Una clausola, questa, fortemente voluta proprio da Macron, ma che confligge apertamente con i nostri interessi, perché favorirà il rimpatrio nel nostro Paese dei migranti irregolari fuggiti oltrefrontiera. Questo è lo stato dell'arte, e l'accordo siglato ieri rischia di essere solo un'altra foglia di fico che non porterà alcun sollievo ai Paesi mediterranei. L'unica novità positiva rispetto a Malta è la concessione di estendere la relocation a tutti i migranti salvati in mare, e non solo ai richiedenti asilo, ma è un'apertura che rischia di restare solo una dichiarazione d'intenti, perché il previsto rafforzamento della banca dati Eurodac per lo screening al momento degli sbarchi rappresenta di fatto un'altra premessa per riportare nei Paesi di primo ingresso i migranti che passano il confine.
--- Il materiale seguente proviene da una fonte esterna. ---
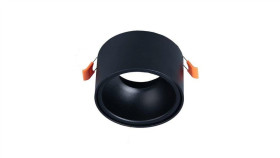 Oprawa Mini Goldi-B/B Wpust Czarna Z Czarnym Ringiem Gu10 Okrągła Sufitowa...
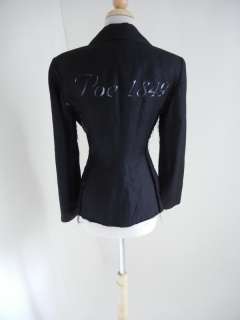 LIBERTINE Vintage ReConstructed BLACK JACKET M. Poet Poe 1849 Graphics 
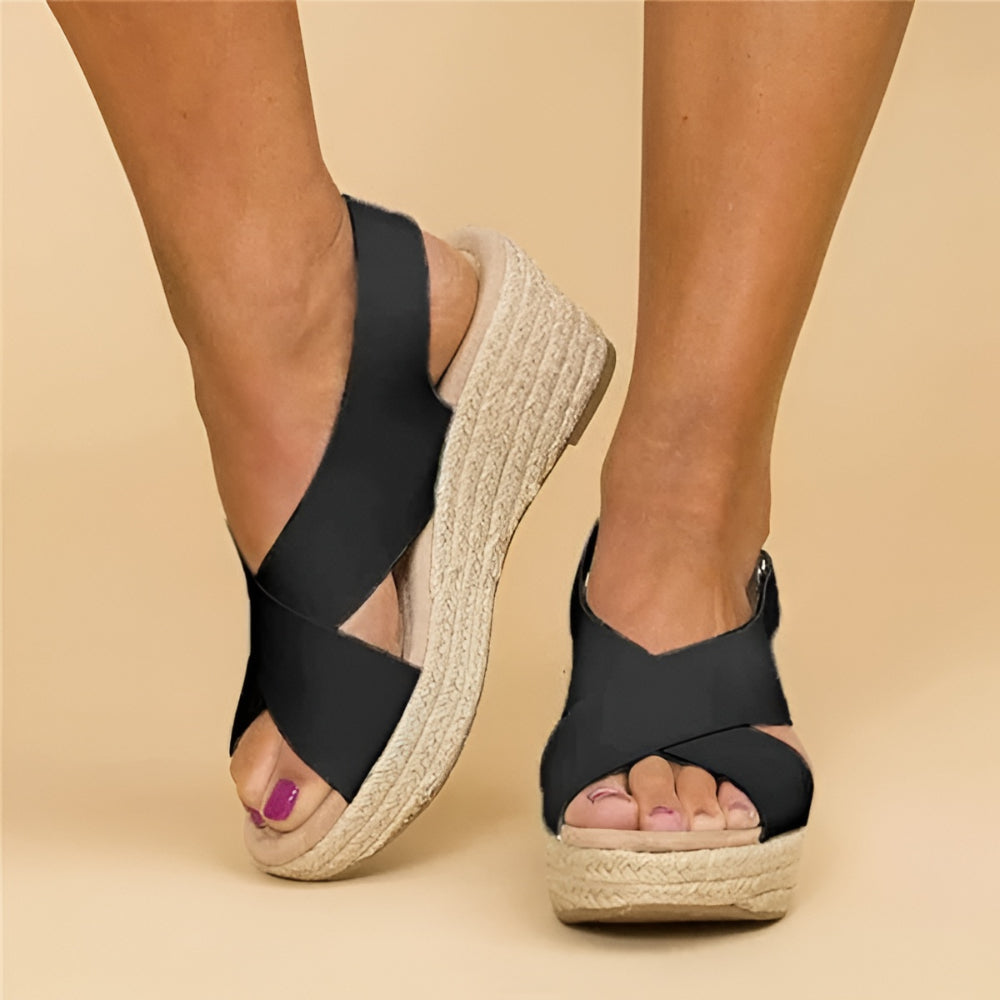 Anklessole Women's Espadrille Wedge Sandals With Ankle Strap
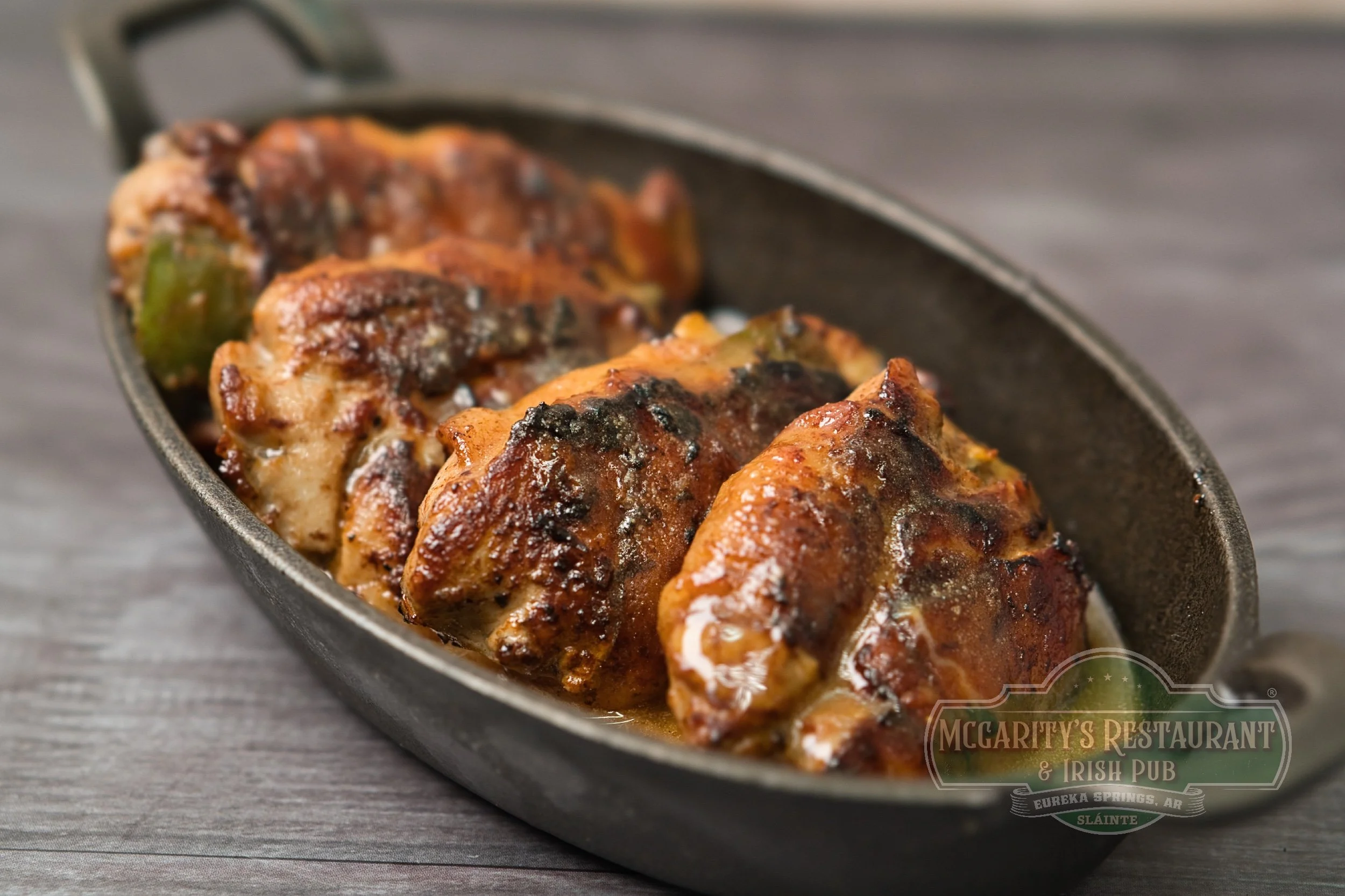 Quail Medallions at McGarity’s in Eureka Springs.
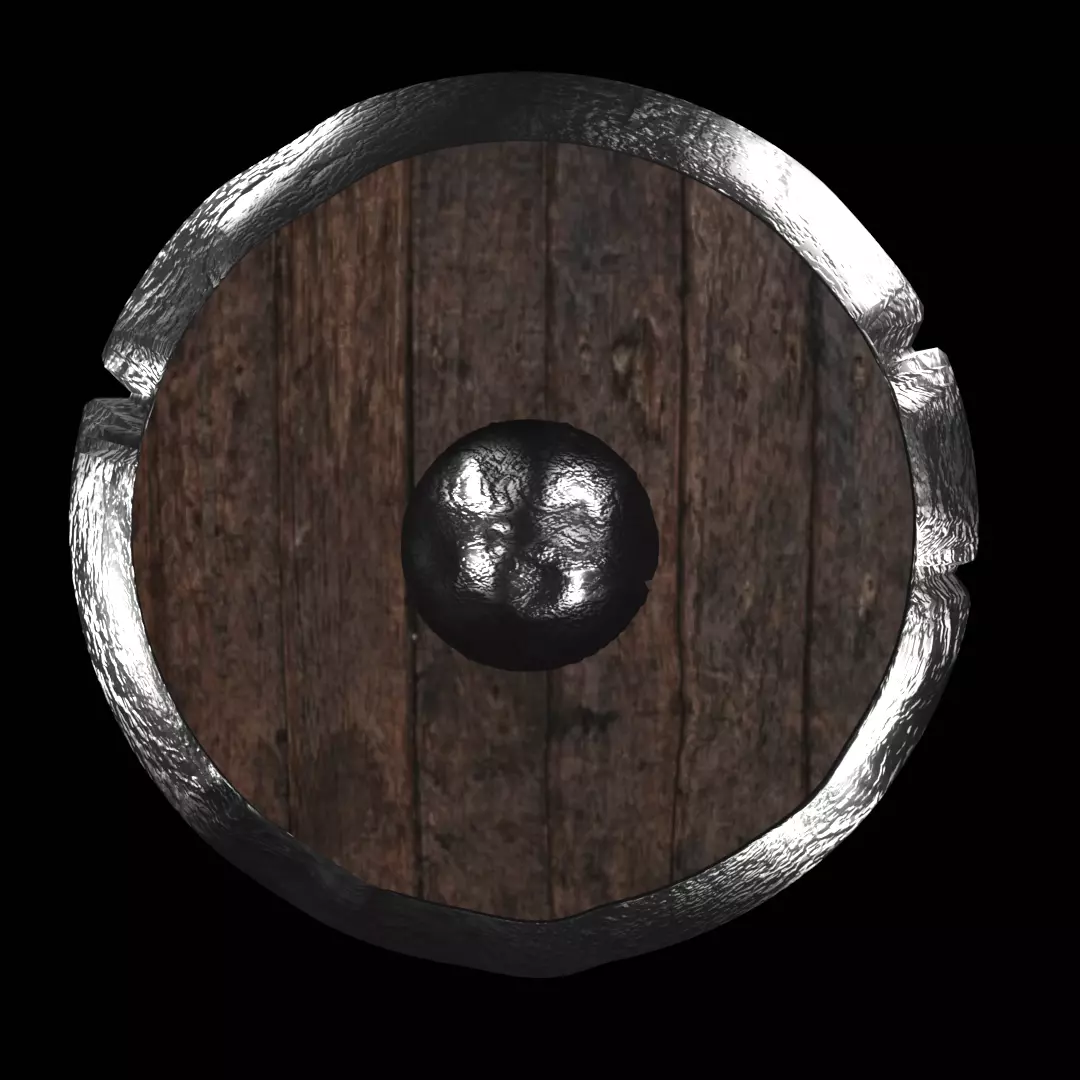 Viking style shield Free 3D model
Secondo la presidenza di turno francese, per la prima volta nel vertice di ieri a Lussemburgo si sarebbe sancito il principio della «solidarietà obbligatoria» per tutti i Paesi Ue, e questa sarebbe davvero una rivoluzione copernicana nell'approccio comunitario alle crisi migratorie.

 

 

Ma si tratta purtroppo di un'affermazione dettata da un ottimismo di maniera e dalla propaganda, perché i ricollocamenti restano esclusivamente su base volontaria, e il Patto prevede in realtà numerose scappatoie all'obbligatorietà della relocation, come l'alternativa degli aiuti logistici e finanziari, o la facoltà di ridurre il livello di solidarietà in caso di non funzionamento del regolamento di Dublino. È proprio Dublino il retaggio anacronistico, ma di fatto irriformabile, che impedisce un'equa redistribuzione dei migranti, e finché non verrà definitivamente superato l'Italia è destinata a restare in perenne emergenza, mentre i Paesi che rifiutano la loro quota di migranti possono cavarsela concedendoci una sorta di simbolico risarcimento economico. Non c'è nulla di «storico», dunque, nel Patto di ieri, e se la crisi del grano farà impennare le partenze dall'Africa rischiamo di diventare il campo profughi d'Europa.